We were fortunate to have the leadership of Winsome Moxam and Suzette Black in organizing several wonderful events. There was a great education display outside of the cafeteria. We also had Ekua Asabea Blair, CEO of the Massey Centre come and speak. The Massey Centre helps teenagers who are pregnant or who are parents. We also had the pleasure of having Kafinal, a 2019 Juno Award Nominee, preform for us as well as a keynote speaker, Pauline Christian, Founder and CEO of Best Lifestyle Residence Inc. retirement facilities. Lastly, we had Myah Catherine, author of ‘Room 1815' talk about her book.
While there is lots to celebrate as part of Black History Month it should also be a time to pause and reflect about the ongoing racism and discrimination that remain far too prevalent in our society. Ms. Blair spoke about being the first Black CEO of her organization which was more than 100 years old and how she still finds herself as one of the few Black CEOs in health care. We should care about this racism as general members of society — however we should also be particularly concerned as a health care organization.
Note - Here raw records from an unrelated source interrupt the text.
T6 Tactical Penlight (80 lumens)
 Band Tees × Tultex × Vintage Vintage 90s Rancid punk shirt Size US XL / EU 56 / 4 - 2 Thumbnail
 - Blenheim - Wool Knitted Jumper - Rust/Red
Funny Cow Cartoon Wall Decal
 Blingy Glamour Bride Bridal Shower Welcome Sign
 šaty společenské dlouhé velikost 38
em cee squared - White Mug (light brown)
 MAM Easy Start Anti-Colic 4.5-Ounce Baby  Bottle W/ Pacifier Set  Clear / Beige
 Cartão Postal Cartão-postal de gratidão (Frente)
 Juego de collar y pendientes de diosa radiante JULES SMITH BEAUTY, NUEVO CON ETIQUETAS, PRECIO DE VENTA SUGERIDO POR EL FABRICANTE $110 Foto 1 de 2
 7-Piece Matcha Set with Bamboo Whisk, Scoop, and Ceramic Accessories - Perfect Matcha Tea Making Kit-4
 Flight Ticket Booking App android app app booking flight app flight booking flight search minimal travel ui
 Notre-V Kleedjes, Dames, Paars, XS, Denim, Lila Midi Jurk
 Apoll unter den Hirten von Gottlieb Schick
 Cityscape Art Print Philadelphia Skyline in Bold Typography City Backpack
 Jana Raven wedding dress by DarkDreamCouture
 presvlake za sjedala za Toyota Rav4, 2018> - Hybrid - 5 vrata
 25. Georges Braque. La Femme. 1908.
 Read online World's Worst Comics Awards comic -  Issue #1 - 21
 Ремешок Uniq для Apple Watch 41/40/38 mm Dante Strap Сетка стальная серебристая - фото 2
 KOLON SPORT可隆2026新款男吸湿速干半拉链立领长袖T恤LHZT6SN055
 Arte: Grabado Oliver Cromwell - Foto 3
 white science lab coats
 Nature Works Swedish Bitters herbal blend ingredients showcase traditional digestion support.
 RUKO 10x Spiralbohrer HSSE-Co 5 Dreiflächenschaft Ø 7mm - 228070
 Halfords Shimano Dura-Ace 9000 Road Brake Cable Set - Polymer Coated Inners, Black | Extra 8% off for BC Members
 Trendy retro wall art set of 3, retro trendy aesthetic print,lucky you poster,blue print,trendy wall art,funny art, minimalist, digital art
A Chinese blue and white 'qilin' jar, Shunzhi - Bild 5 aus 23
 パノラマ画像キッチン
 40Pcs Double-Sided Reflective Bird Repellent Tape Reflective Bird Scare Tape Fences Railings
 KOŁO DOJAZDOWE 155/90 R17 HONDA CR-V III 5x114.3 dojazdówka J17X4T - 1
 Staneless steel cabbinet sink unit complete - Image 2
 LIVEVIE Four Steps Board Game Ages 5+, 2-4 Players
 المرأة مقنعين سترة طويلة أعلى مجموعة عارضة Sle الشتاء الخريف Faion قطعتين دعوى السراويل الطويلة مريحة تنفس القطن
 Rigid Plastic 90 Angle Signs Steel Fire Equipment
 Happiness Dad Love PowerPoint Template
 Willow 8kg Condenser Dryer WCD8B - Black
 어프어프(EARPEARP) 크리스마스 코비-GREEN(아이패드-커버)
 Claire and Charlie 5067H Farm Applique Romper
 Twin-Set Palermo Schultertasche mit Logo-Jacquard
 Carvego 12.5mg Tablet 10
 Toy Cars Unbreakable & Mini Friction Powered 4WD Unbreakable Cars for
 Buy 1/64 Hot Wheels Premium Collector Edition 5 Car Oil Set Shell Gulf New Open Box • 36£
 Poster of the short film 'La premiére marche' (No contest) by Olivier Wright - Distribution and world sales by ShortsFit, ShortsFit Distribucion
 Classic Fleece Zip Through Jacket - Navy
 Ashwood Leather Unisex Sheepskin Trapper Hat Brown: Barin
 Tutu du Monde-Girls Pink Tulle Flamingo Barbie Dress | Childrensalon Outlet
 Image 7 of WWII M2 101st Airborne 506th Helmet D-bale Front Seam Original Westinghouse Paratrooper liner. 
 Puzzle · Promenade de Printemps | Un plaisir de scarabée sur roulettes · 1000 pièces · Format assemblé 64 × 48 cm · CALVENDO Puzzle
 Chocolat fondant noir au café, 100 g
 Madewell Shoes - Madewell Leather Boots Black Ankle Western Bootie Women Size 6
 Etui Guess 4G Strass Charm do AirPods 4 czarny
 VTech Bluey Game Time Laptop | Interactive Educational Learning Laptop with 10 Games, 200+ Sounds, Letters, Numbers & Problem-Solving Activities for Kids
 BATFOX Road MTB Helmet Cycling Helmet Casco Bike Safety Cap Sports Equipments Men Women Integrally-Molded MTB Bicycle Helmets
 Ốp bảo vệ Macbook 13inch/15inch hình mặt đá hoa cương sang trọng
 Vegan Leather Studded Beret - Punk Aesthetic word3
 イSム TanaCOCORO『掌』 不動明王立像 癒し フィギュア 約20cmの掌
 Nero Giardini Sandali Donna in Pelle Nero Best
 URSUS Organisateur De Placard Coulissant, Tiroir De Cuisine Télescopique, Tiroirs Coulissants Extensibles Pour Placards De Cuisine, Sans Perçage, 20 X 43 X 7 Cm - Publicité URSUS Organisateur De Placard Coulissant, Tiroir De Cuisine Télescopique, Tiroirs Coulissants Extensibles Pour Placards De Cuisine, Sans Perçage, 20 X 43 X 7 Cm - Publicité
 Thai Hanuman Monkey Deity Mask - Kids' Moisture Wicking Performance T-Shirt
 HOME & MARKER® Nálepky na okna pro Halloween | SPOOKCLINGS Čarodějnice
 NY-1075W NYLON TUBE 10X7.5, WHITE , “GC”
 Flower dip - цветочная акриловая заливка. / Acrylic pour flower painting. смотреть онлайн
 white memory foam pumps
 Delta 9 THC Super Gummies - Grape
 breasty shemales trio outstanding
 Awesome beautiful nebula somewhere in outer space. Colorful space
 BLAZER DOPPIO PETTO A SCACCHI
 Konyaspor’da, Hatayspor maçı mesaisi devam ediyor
There is an abundance of data that racism and discrimination lead to poorer physical and mental health outcomes. We know that Black people in our society do not have equitable access to education, housing, jobs and other social determinants of health. Ms. Blair spoke about how hard it is for young pregnant women, especially of a visible minority, to seek care and how they feel judged by society, including in a health care setting when they should feel safe. She noted that racism comes at a cost in every aspect of a person's health and we don't collect enough data to fully understand this cost.
While recognizing this is Black History Month and without detracting from the Black community, we need to recognize that discrimination affects many groups in our society including people of colour, Indigenous Peoples, LGBTQ and new Canadians.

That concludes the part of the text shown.